___ Dataset records

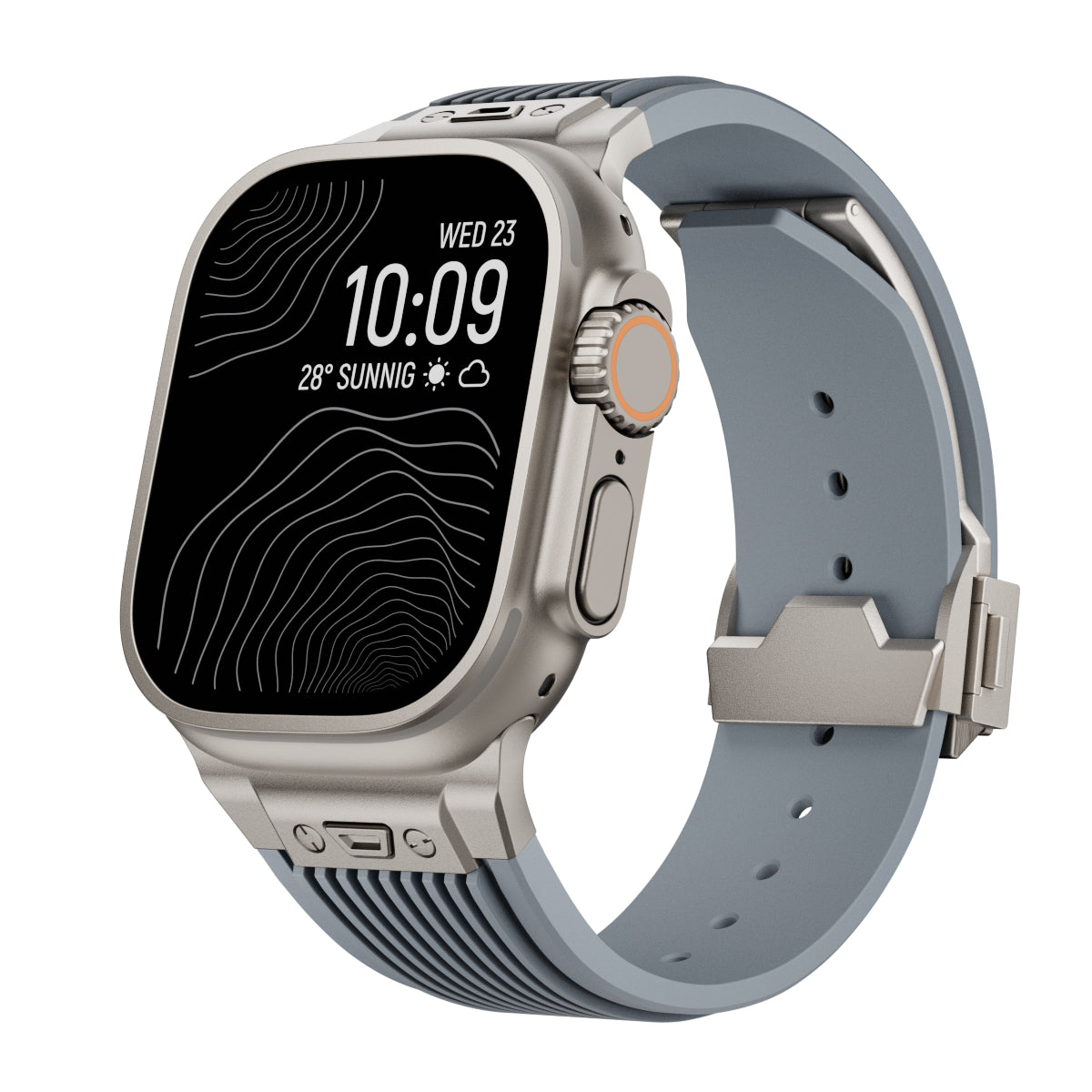 Executive Silicone Apple Watch Band – Premium Design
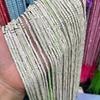 Cuentas turquesas prensadas cuadradas de 2 x 2 mm de polvo de pino M, accesorios de ropa para bricolaje, cuentas Mimi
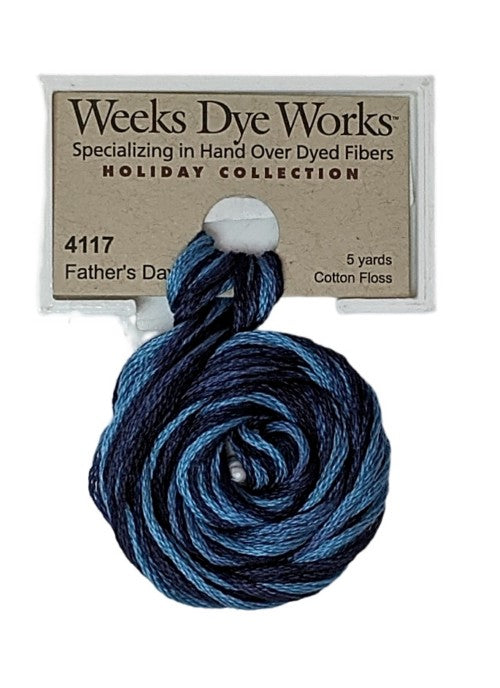 4117 Father's Day | Weeks Dye Works 6 Strand Floss-Cross Stitch-Weeks Dye Works-Millennial Fabrics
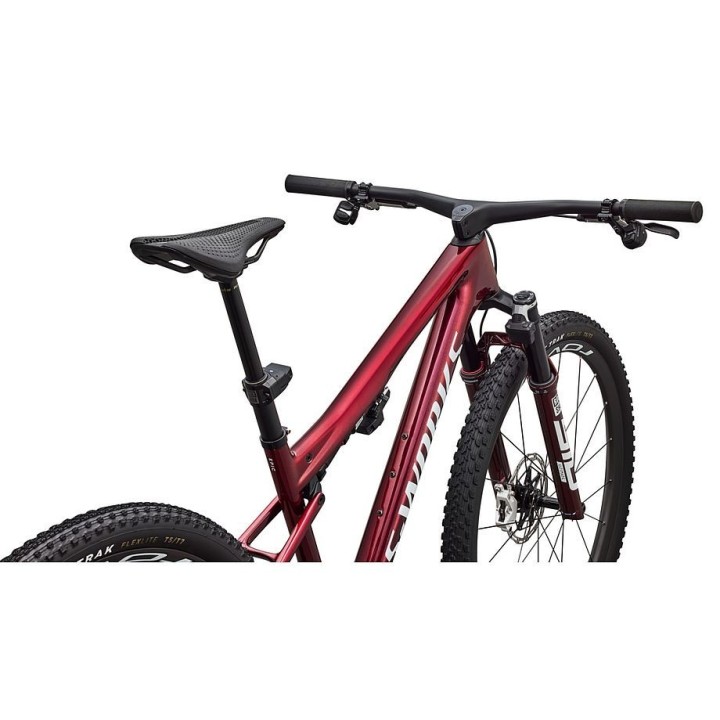 Vélo Specialized S-Works Epic 9 Gloss Red Tint Over Red Reflex Pearl Edge Fade / Metallic White Silver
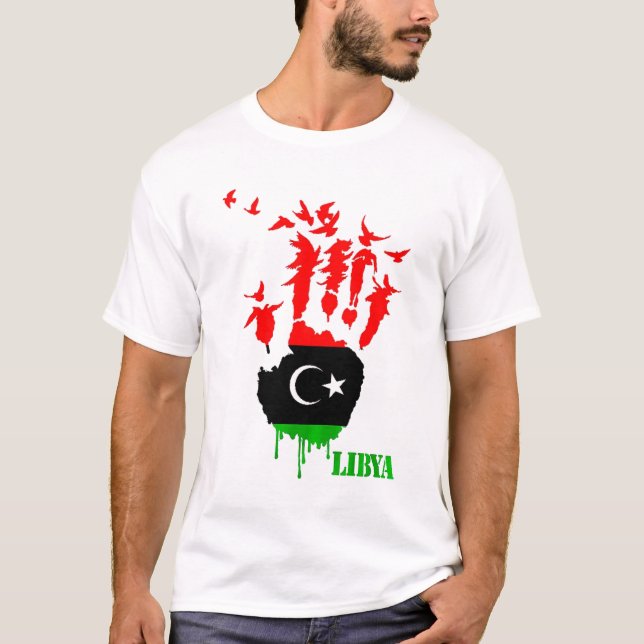 T-shirt Mains de vol de la Libye (Devant)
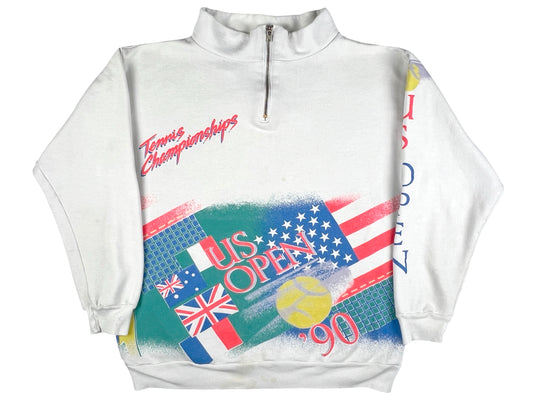 VTG '90 US OPEN 1/4 ZIP SWEATER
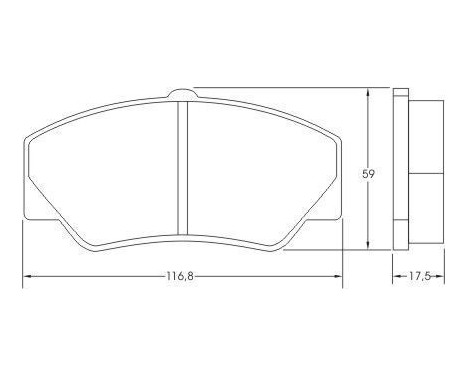 Kit de plaquettes de frein, frein à disque 36578 ABS, Image 3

______

*What is being asked*: Although the records above contain pictures, the copy should hold only the lines from their start through the line containing "4117 Father's Day", each exactly as written, and none of the pictures.

*Response*:
 Executive Silicone Apple Watch Band – Premium Design
 Cuentas turquesas prensadas cuadradas de 2 x 2 mm de polvo de pino M, accesorios de ropa para bricolaje, cuentas Mimi
 4117 Father's Day | Weeks Dye Works 6 Strand Floss-Cross Stitch-Weeks Dye Works-Millennial Fabrics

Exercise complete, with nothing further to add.